Op 18 en 19 oktober 2000 besteedde het actualiteitenprogramma NOVA aandacht aan de betrouwbaarheid van het EKO-keurmerk van Skal. NOVA gaf drie voorbeelden waarbij het EKO-keurmerk ten onrechte verleend zou zijn (teakhout uit Costa Rica, sesamzaad uit Ethiopië en bietsuiker uit Slowakije). Skal kwam direct met de verzekering dat de betrouwbaarheid van haar EKO-keurmerken nooit in het geding is geweest, omdat er volgens haar "geen producten op de markt (zijn) gebracht die ten onrechte het EKO-keurmerk voeren".
door Wolter Seuntjens
Ondanks deze zelfverzekerde reactie stelde Skal een 'onafhankelijke onderzoekscommissie' in.
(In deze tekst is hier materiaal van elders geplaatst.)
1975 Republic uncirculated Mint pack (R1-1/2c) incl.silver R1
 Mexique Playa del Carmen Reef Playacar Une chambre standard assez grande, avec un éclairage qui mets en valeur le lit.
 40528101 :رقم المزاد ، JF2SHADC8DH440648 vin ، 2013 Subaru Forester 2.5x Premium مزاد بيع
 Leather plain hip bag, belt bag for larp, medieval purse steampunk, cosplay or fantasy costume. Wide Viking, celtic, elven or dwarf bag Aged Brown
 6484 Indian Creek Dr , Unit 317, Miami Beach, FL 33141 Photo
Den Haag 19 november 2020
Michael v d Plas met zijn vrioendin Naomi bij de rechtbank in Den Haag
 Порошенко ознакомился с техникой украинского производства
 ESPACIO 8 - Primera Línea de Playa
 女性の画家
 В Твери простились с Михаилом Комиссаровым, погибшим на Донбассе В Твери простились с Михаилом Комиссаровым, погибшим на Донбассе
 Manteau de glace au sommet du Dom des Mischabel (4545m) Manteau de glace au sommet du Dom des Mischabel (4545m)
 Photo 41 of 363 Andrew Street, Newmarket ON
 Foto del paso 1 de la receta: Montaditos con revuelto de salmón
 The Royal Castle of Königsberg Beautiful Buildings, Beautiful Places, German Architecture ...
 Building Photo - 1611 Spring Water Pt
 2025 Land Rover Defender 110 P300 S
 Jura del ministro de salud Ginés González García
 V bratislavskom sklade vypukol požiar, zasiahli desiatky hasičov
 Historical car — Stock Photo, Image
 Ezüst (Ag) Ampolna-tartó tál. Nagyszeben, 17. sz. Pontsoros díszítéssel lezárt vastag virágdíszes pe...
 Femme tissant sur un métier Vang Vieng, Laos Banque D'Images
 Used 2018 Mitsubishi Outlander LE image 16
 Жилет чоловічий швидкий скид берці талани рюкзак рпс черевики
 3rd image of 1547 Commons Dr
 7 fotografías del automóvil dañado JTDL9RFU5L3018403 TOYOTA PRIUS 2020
Die zou haar bevindingen uiterlijk eind januari 2001 presenteren. Maar toen gebeurde er iets uitzonderlijks. De commissie gaf haar opdracht aan Skal terug omdat "Skal niet geïnteresseerd bleek in het uitgebreide en organisatiebrede onderzoek dat de commissie voor ogen had". Na de teruggave van de opdracht door de oorspronkelijke onderzoekscommissie meldde Skal dat zij intussen KPMG had opgedragen een beperkt onderzoek uit te voeren. Medio mei 2001 maakte Skal het rapport van KPMG publiek. Dit rapport schildert, hoe omzichtig geformuleerd ook, een ontluisterend beeld van de organisatie en de werkwijze van Skal. Ik kan dan ook iedereen aanraden het volledige rapport te lezen en niet slechts de samenvatting of het persbericht van Skal (zie www.skal.nl). Na publicatie evenwel verkondigde Skal dat het rapport hen zou vrijpleiten van de door NOVA geuite beschuldiging.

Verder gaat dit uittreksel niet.